Mi opción por el cristianismo, sin embargo, es una opción problemática, como no puede ser de otra manera en el tiempo que nos toca vivir, pero tomada radicalmente en serio, aunque sea con las limitaciones que cabe esperar de mis propias dudas, insuficiencias y debilidades, que son muchas. He hecho declaración pública de esa identificación en mi libro Cristianismo, sin embargo (2011)[1] en el que he pretendido dar cuenta y razón de esa conversión aparentemente extravagante.[2]
Me siento cristiano y participo de la sociabilidad cristiana, gracias a la Comunión Anglicana, y gracias a ella puedo mantenerme fiel a lo sustantivo de mi fe infantil y juvenil, y ser congruente con mi libertad de madurez y mi evolución intelectual y personal que por tantas razones no me permite adscribirme a la Iglesia de Roma, que sin embargo y a pesar de su vaticanismo tiene cosas admirables.
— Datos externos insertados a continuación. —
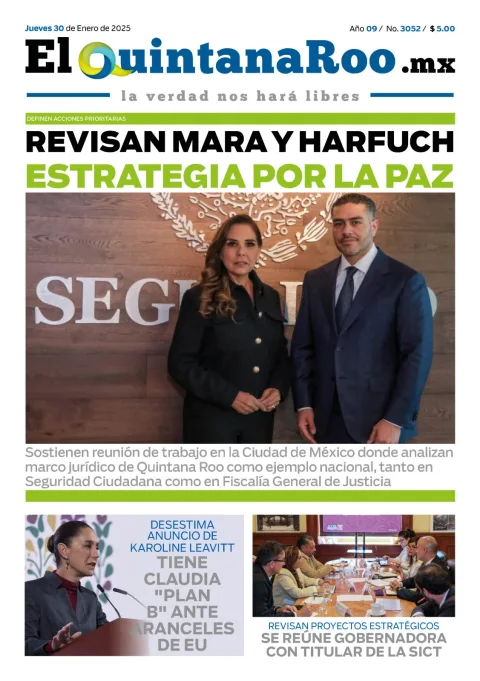 Portada de El Quintana Roo (portada) del jueves, 30 de enero de 2025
Gracias a la libertad de espíritu que he encontrado en el seno de la Comunión Anglicana puedo vincularme a la Iglesia universal mediante una forma de reconocimiento mutuo que ninguna otra me puede ofrecer.
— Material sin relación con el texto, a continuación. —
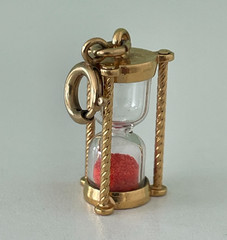 Vintage Gold Tone Mini Orange Sand Hourglass Timer Pendant Charm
Hay algo que singulariza y pone en valor el estilo propio de la Comunión Anglicana, que para muchos de nosotros, educados en el tradicional catolicismo-romano o en el anticlericalismo anticatólico no es fácil de explicar. Voy a tomar la idea de Natacha-Ingrid Tinteroff,[4] católica francesa convertida al anglicanismo y que señala como signo propio de la tradición anglicana lo que ella llama la adiáfora, que no es sino una manera de denominar la típica moderación Anglicana que practica “la política de reservar las afirmaciones y convicciones fuertes para las pocas cosas que las merecen”. Esa característica me parece el summum de la elegancia espiritual y es en mi caso, en materia de fe y espiritualidad, una necesidad moral nacida de mi propia experiencia —problemática y ambigua— de la vida. La adiáfora es una variante de esa proverbial circunspección inglesa y es el fundamento de la piedad, la liturgia y la práctica eclesial que mejor distingue la tradición Anglicana en relación con la Católico-Romana, esta última caracterizada –dicho sea con todo respeto- por un sistema doctrinal expansivo y prolijo, constantemente creciente, promulgado ex autoritate en multitud de documentos, la mayor parte de los cuales adoptan un carácter jurídico-canónico.
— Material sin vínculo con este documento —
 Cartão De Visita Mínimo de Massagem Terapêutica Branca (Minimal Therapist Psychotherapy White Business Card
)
El principio de adiáfora que yo identifico con el estilo anglicano de la fe, supone un entendimiento muy humano de la verdad, que rechaza por un lado las formulaciones dogmáticas, y la mera sumisión de los fieles a la enseñanza del magisterio jerárquico, y por otro lado la nihilista indiferencia frente a la verdad y propone un entendimiento metodológico del magisterio eclesiástico más bien como la percepción de las condiciones bajo las cuales la verdad debe ser buscada y definida y el modo en que las creencias son definidas, legitimadas, interpretadas y mantenidas.
El Arzobispo Rowan Williams que deja su posición de Primado de la Comunión Anglicana ha proclamado en muchas ocasiones que “la verdad teológica no está completamente a nuestra disposición porque la santidad no está completamente a nuestra disposición”. No es sino lo que dice San Pablo en la I Carta a Los Corintios: “ahora vemos a través de un espejo oscuro”.
El Anglicanismo es para mí un cristianismo amigable, comprehensivo que propone una fe racional y razonable —quizá a otros les parezca tibia— y una forma de Comunión dialogante y no autoritaria —quizá a otros les parezca laxa— firmemente comprometida con la libertad del cristiano, que entiende el papel de la Iglesia y de sus pastores no tanto como una autoridad jerárquica que enuncia la verdad sino como una tradición y un espacio de piedad y respeto en el que todos nos comprometemos a crear el clima de libertad espiritual en el que las personas pueden dar testimonio de la verdad tal y como ellas la ven, sometiéndose a la crítica de sus pares sin miedo a la censura eclesiástica.
Todo esto dice mucho del entendimiento Anglicano de la relación de Dios con el ser humano, pero como diría Kipling “eso…eso es otra historia”.